Still at the bar. This young woman was married hours earlier and was dancing to the live music.

B'hai House of Worship Wilmette,Ill.

We biked up here with Pam. A highly beautiful and inspiring building. Becky and I have been married about as long as it took to build it.

Religious symbols cast in concrete.

Detail using Macrobusrt mode.

Sunday, October 10, 2010

My 60th birthday with a brick from the Pink Pussy Cat

Becky really surprised me on my birthday. She approached Newport city comissioner Frank Peluso at a recent meeting and got him to part with one the bricks from his fire pit. They came from the Pink Pussy Cat, a Newport strip joint back in the 60's run by our old friend and neighbor Callie Blaine Eisner whose husband Sammy got gunned down at the club. According to Frank the brick has paint on it from the sign proclaiming the most beautiful girls in town are inside.

Proud Wife with Pink Pussy Cat brick

I was wondering why she had dressed up so well for a comissioners' meeting. Now i know.

Me and Hans at my 60th birthday

Hans Multhopp go way back in the Cincinnati chess world. He has been my good friend for about 35 years.

Grayson Lake in Eastern Kentucky

Becky and I went on a short birthday canoeing, camping, bricking trip in beautiful Eastern Kentucky. Grayson Lake is lined with sandstone cliffs.

Clifty Creek, Grayson Lake

Out on the lake

Making bacon- I am surprised that Cicero isn't in this picture.

Grayson Lake State Park

Beehive kiln in Hitchins,Ky.

They don't make bricks here anymore, just mortar additives and the kilns are no longer operative. This part of Kentucky has deposits of clay usedto make fire bricks.


Although these beautiful beehive kilns look like they have been around forever, their design dates from the 1870's.

Louisville Fire Brick Works, Grahn,Ky.

Grahn, Kentucky is a company town named for Old Man Grahn, the founder of Louisville Fire Bricks. He owned every one of the 200 houses that comprised the town. Everyone made bricks. Now there are only a few workers making speciality bricks the old way.

Brick Kilns

These are working kilns used to make heat resistant fire bricks.

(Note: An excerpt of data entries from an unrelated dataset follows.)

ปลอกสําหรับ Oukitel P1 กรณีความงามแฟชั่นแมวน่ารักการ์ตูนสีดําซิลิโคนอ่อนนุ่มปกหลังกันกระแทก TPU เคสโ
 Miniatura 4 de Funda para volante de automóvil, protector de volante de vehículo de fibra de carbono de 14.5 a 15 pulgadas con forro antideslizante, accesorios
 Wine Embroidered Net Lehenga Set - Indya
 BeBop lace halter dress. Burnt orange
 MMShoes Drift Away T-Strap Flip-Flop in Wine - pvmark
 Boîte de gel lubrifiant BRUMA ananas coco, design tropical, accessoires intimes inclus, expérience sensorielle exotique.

Inside a kiln, handloading the forklift with fired bricks

I asked the forklift operator how come he got to watch the others do all the work. He replied he had to work there for 40 years before he got to get on the fork lift. That was three years ago.

Handcast bricks

The Grahn plant stays open mostly by producing hand cast speciality bricks. The worker takes clay from the pile behind him and fills the mold.

Brick mold

Each time the mold is used, it is covered with form release oil.

Draw bow

After the form is filled up, the top is carefully evened with the wire drawknife.

Cast bricks

As I understand it, these bricks slowly dry out for several days before they are fired in the kiln.

Brick Molds

L.F.B. has hundreds of molds for all types of industrial bricks.

brick mold

This mold is for a brick that would be suspended from an I-beam in a furnace.

Eggs- cheaper in the country

Becky insisted on paying $2.oo for these large brown eggs.

Unhappy Camper

Cicero didn't like it that the truck was backfiring like gunfire and hid under the dashboard.